General information
- Type: Homebuilt aircraft
- National origin: United States
- Designer: Marino Bagalini
- Status: Plans available (1998)

= Bagalini Colombo =

Italian homebuilt aircraft

The Bagalini Colombo (Dove) is an Italian homebuilt aircraft that was designed by Marino Bagalini. The aircraft is supplied in the form of plans for amateur construction.

==Design and development==
The Colombo features a strut-braced parasol wing, a two-seats in side-by-side configuration open cockpit with a windshield, fixed conventional landing gear, or optional tricycle landing gear, and a single engine in tractor configuration.

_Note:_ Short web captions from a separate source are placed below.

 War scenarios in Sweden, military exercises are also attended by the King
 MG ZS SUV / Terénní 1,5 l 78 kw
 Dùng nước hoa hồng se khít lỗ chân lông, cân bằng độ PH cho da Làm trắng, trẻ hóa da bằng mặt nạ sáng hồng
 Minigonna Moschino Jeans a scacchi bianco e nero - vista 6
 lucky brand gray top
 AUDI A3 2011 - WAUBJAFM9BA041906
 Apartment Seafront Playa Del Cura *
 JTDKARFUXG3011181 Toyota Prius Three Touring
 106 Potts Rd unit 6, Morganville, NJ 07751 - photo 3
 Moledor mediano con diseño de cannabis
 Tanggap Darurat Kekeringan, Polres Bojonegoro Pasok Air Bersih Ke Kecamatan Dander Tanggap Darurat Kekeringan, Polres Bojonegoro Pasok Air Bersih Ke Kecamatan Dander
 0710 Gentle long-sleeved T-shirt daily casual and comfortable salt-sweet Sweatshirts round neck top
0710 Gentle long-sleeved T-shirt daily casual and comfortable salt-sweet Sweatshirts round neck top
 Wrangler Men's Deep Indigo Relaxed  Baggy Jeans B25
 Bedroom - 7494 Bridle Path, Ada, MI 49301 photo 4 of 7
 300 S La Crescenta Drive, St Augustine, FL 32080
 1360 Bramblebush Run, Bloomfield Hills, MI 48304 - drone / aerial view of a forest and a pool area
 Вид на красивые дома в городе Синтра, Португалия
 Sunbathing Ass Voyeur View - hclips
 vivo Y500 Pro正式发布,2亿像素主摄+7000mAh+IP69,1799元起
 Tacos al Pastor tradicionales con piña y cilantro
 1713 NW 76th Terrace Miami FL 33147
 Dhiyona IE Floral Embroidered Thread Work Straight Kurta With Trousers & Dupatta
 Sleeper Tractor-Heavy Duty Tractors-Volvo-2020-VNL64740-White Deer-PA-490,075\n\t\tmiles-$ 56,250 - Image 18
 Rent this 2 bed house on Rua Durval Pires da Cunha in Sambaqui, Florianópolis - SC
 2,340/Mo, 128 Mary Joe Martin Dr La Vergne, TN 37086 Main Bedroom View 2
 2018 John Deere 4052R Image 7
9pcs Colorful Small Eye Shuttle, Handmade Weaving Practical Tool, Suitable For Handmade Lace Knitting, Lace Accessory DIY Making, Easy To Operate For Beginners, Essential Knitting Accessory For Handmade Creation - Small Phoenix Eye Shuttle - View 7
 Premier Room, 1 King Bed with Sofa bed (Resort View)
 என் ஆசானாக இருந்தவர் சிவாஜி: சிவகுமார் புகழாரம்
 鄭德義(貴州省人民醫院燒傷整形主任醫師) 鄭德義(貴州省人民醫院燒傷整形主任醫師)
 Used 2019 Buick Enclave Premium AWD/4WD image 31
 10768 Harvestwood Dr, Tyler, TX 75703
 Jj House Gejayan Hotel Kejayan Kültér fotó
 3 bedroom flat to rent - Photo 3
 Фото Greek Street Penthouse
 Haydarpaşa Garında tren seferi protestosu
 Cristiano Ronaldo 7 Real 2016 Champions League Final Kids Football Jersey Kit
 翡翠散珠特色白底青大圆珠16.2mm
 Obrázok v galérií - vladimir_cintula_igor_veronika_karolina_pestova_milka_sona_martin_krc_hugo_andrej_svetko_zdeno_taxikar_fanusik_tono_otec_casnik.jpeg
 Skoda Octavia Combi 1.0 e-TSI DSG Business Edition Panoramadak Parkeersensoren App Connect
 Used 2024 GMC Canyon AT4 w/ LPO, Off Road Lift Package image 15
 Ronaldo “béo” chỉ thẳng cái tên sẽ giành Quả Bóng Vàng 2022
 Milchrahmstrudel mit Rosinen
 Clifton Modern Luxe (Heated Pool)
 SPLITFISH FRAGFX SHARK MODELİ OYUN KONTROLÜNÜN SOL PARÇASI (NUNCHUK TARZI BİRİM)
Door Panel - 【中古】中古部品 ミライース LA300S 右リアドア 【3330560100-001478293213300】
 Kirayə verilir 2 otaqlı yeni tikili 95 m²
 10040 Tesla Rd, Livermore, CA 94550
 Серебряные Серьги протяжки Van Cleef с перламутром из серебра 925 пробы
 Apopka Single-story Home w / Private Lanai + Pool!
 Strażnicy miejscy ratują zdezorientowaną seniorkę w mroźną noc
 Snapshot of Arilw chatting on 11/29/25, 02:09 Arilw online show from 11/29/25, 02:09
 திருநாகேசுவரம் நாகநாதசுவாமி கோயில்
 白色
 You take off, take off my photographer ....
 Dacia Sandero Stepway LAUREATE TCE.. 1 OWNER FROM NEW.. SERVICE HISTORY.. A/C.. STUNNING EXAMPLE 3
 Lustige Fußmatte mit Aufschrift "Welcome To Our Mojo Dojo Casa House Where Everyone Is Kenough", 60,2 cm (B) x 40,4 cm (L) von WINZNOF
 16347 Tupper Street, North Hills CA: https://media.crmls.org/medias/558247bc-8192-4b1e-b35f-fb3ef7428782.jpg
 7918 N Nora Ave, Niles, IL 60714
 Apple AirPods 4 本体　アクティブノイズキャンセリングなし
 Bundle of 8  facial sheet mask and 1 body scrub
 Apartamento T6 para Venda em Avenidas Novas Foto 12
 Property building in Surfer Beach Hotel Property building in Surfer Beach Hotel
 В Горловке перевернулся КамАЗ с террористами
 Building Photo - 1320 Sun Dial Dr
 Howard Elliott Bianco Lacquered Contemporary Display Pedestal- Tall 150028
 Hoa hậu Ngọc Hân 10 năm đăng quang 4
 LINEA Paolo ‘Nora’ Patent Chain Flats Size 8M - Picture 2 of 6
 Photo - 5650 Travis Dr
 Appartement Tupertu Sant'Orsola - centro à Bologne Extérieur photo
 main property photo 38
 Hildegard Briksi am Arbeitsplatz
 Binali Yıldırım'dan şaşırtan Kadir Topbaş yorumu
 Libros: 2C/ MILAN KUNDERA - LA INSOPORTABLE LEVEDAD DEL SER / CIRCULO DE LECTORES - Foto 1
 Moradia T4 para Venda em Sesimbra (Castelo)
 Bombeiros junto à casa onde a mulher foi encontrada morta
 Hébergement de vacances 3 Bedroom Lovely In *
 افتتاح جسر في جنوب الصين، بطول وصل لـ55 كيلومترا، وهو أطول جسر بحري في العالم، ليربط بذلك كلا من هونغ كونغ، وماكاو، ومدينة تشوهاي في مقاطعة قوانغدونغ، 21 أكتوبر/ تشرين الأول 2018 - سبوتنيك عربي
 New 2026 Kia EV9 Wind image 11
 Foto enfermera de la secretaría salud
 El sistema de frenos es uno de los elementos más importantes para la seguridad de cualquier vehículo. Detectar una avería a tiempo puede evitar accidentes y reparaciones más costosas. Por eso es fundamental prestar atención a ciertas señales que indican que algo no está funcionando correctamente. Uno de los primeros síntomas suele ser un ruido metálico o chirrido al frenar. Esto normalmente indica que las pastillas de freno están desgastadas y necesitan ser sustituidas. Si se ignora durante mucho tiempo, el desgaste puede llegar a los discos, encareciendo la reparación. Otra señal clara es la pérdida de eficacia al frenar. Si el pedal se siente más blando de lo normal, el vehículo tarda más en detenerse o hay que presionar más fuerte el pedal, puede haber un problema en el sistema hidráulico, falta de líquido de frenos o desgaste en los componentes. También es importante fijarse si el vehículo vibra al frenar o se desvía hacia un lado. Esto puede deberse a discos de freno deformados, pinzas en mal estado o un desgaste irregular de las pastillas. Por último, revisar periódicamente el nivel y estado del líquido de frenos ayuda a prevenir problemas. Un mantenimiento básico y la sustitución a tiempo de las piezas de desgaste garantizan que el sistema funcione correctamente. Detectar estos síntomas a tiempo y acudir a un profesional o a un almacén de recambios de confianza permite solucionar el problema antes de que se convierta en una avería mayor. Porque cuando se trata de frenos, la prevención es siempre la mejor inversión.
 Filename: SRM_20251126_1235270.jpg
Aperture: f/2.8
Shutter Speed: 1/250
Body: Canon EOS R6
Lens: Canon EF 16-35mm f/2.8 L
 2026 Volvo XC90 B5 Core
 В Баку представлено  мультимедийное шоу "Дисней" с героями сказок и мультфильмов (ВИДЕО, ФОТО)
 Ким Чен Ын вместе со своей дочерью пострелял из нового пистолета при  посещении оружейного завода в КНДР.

The aircraft is made from wood and metal, with its flying surfaces covered in doped aircraft fabric. Its 10.5 m span wing employs an RSG 35 airfoil at the wing root, transitioning to an RSG 36 airfoil at the wing tip. The wing mounts Junkers ailerons and has a wing area of 16.723 m2. The standard engine used is the 40 hp Rotax 447 two-stroke powerplant.

The Colombo has an empty weight of 150 kg and a gross weight of 320 kg, giving a useful load of 170 kg. With full fuel of 23 L the payload is 151 kg.

The manufacturer estimates construction time from the supplied kit to be 700 hours.